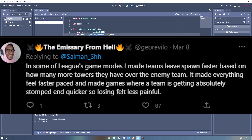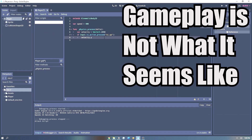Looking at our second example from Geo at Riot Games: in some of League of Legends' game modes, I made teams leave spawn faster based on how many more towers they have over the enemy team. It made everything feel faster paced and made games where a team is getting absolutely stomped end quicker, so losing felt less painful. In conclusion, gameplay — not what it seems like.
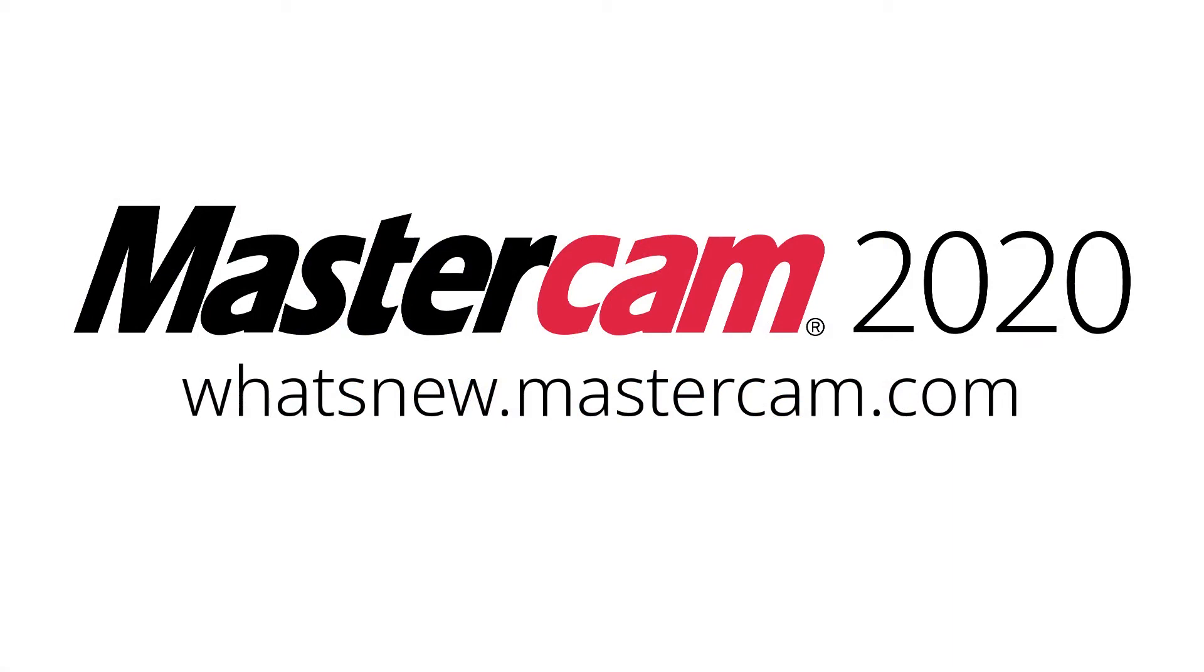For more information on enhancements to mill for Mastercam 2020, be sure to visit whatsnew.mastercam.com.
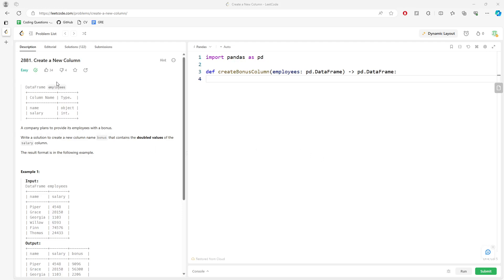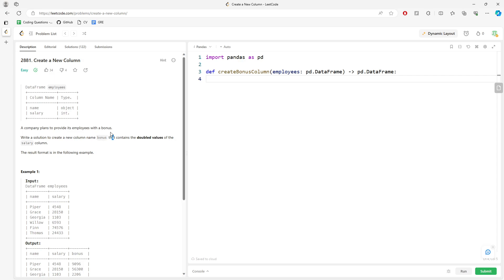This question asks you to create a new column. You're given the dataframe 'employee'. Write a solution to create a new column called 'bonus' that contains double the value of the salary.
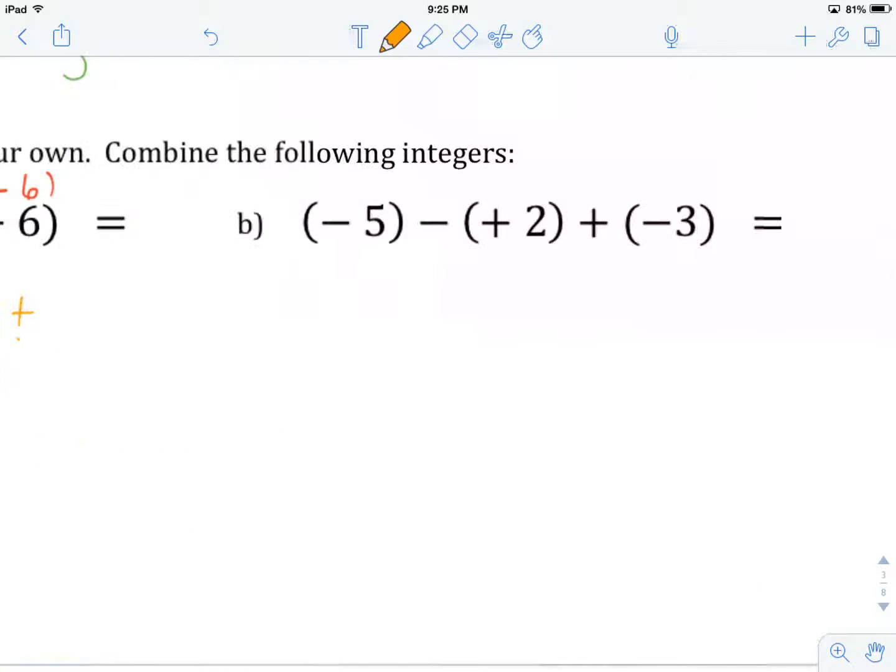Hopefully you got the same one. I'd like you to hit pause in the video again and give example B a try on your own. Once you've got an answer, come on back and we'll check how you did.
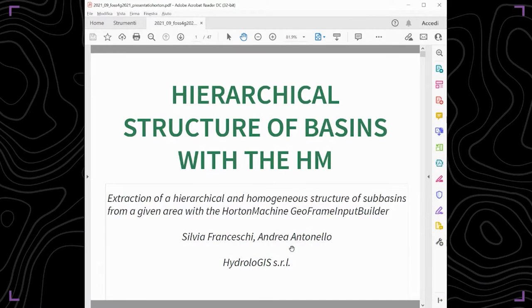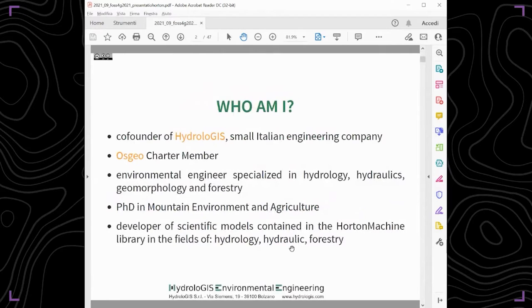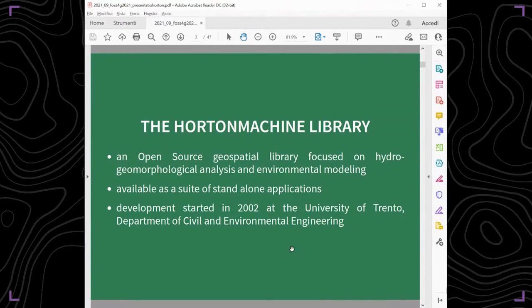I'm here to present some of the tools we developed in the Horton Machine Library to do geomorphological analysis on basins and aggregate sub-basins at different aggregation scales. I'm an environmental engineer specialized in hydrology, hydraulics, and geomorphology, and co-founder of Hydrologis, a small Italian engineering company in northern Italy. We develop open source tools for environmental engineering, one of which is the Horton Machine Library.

---*---

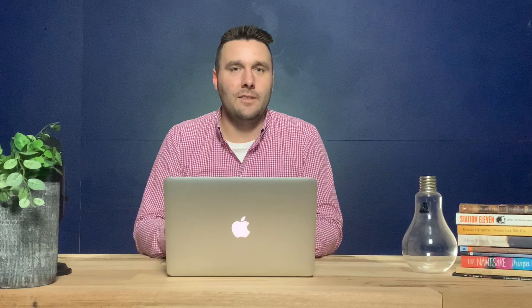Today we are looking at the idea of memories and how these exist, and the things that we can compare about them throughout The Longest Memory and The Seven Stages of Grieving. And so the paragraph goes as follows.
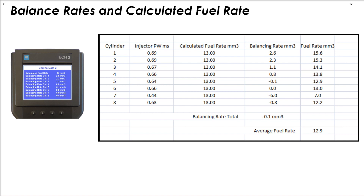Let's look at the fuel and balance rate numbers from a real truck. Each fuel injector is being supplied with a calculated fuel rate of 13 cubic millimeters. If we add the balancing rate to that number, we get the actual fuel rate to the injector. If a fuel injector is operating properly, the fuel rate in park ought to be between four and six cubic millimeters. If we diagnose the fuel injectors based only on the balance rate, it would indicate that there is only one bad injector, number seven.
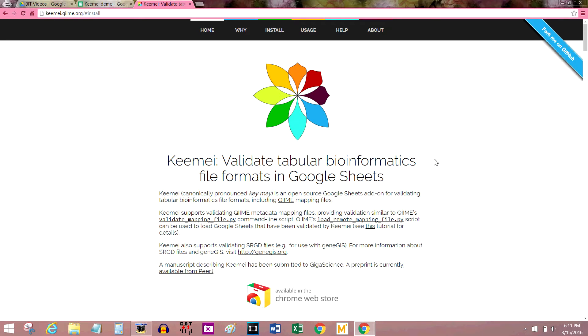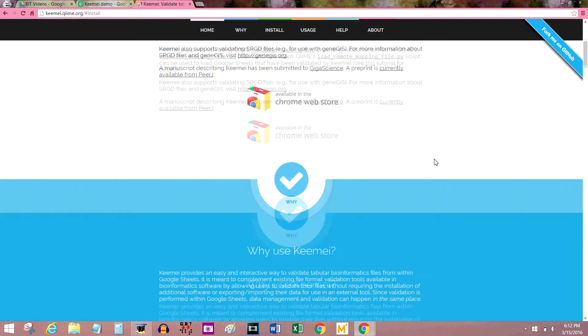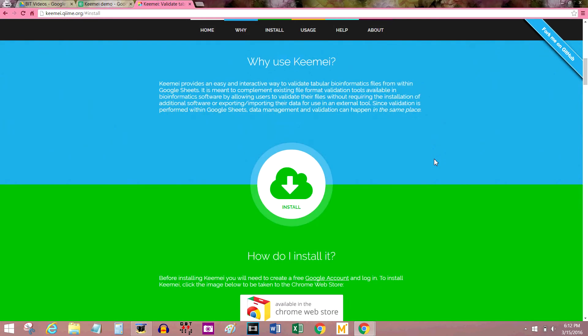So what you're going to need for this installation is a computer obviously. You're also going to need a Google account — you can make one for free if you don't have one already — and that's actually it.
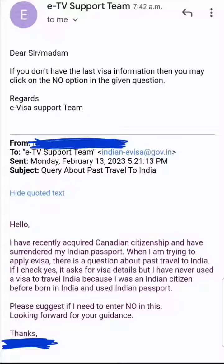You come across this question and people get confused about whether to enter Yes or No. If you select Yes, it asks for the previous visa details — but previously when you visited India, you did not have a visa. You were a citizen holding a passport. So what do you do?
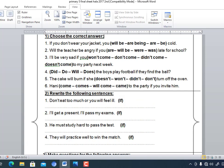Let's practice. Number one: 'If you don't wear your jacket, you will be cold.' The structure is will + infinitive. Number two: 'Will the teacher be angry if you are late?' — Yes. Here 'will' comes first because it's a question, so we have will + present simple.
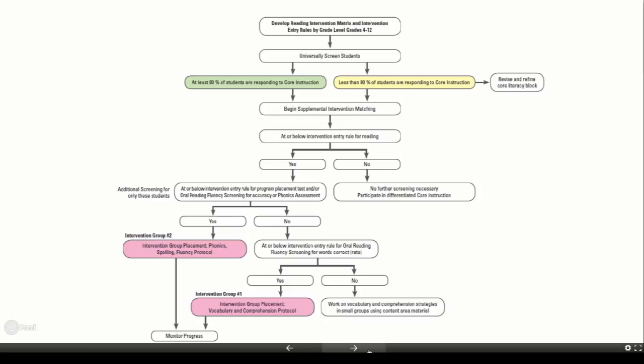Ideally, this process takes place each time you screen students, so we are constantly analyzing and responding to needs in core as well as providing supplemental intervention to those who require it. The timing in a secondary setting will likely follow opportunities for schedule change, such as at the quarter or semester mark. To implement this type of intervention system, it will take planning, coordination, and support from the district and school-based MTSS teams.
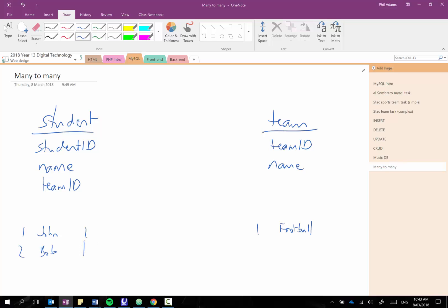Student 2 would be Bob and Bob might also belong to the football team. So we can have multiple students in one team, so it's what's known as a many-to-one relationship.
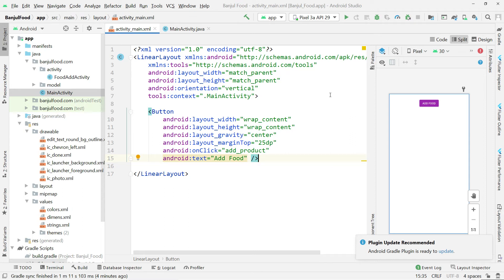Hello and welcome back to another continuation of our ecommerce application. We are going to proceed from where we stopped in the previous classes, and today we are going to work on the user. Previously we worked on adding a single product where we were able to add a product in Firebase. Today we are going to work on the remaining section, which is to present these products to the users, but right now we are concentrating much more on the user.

---*---

- Exercise description
Above are some records; quote exactly and only the lines that begin at the line containing "Today we are looking" and stop after the line containing "Let's look at", leaving out the pictures.

- Task result
Today we are looking at the idea of memories and how these exist, and the things that we can compare about them throughout The Longest Memory and The Seven Stages of Grieving. And so the paragraph goes as follows.
Let's look at the fuel and balance rate numbers from a real truck. Each fuel injector is being supplied with a calculated fuel rate of 13 cubic millimeters. If we add the balancing rate to that number, we get the actual fuel rate to the injector. If a fuel injector is operating properly, the fuel rate in park ought to be between four and six cubic millimeters. If we diagnose the fuel injectors based only on the balance rate, it would indicate that there is only one bad injector, number seven.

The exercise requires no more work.